Con independencia de su posterior trayectoria personal, Mel Gibson ha reconocido que quiso rodar su película, llena de significación teológica, para agradecer a Dios la “fuerte crisis espiritual” que le había hecho “volver a mi fe cristiana”. Así lo contaba en una entrevista publicada poco antes del estreno:
Precisamente por eso, el director australiano fue sido muy explícito a la hora de señalar qué le movía a realizar esta cinta.

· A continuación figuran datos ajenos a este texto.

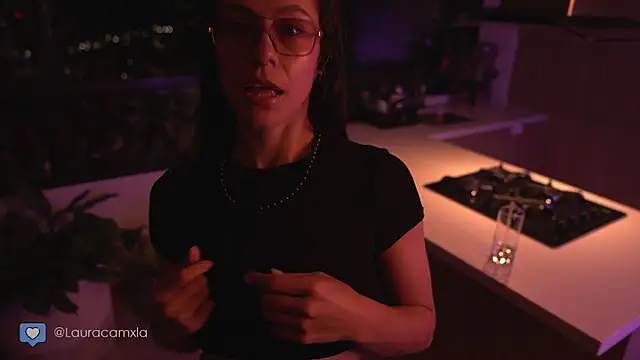 Colouristic 即時 XXX 聊天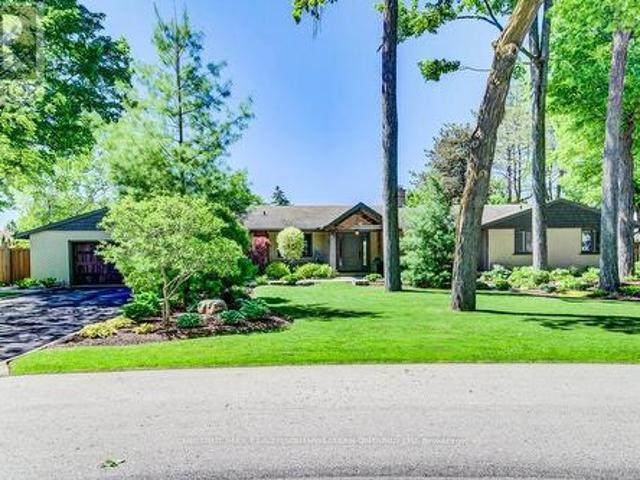 House for sale in Waterloo, Ontario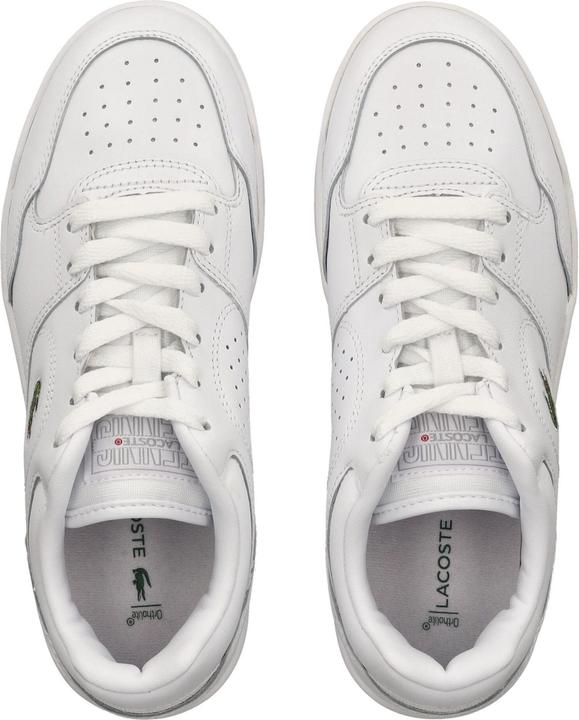 Produktbild Lacoste Sneaker (42)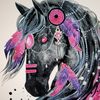 FionaK - @fionaknox1926 - TikTok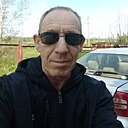 Знакомства: Анатолий, 56 лет, Шимановск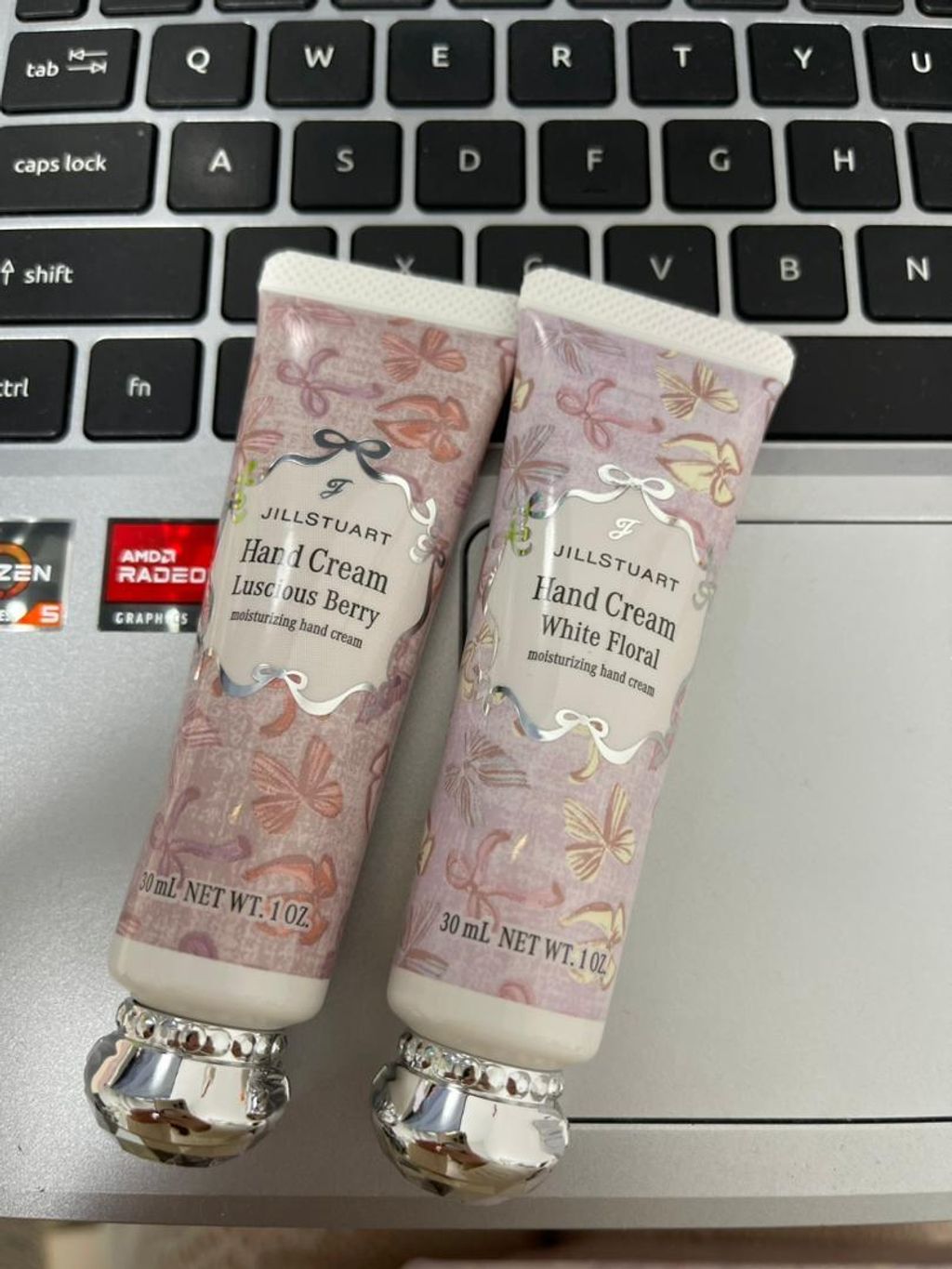 WhatsApp Image 2025-11-28 at 09.19.39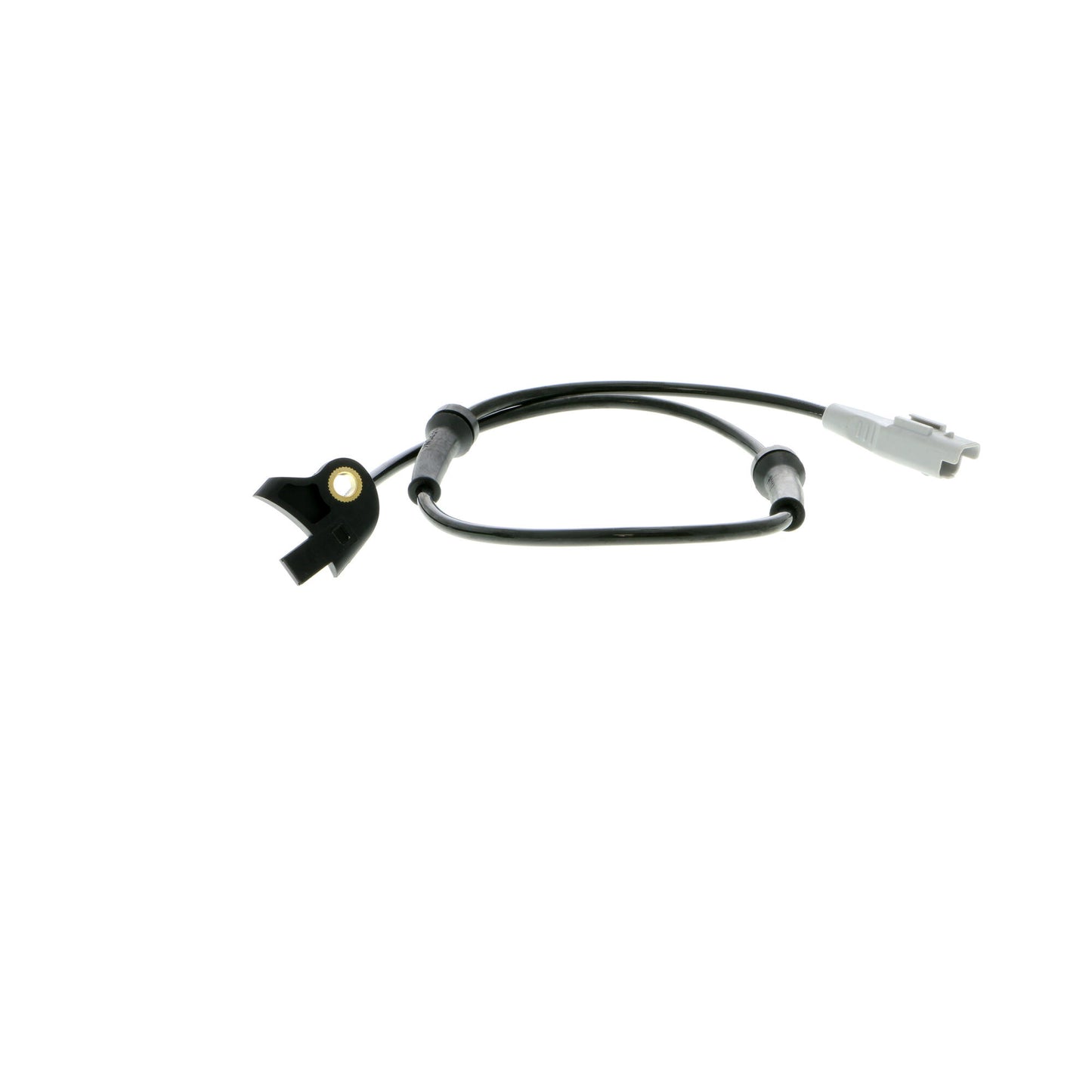 VEMO Sensor, wheel speed V22-72-0097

Por una parte, una suerte de catarsis, de purificación personal: “Descubrí que, para sanar las heridas de mi vida, debía observar las heridas de Cristo; y, por tanto, contemplar la Pasión”. Por otra, una oportunidad para que la gente sencilla pudiera redescubrir la manifestación máxima del afecto divino: “Es la historia del amor más grande que se puede tener: dar la vida por alguien. La Pasión es la aventura más grande de la historia. Creo que es la mayor historia de amor de todos los tiempos: Dios que se hace hombre y los hombres que le odian y le matan”.
En síntesis, el cineasta quiso reflejar a Cristo en toda su doliente humanidad (maniatado, flagelado, insultado y arrastrado hasta la cruz) como manifestación plena de su inmenso amor por los hombres. Esa es la imagen que nos muestra de Jesús: no un Jesús bello y hermoso; tampoco uno distante o angustiado por nuestras faltas; sino un Jesús doliente: humano, plenamente humano, que asume el castigo que sus hermanos los hombres merecíamos.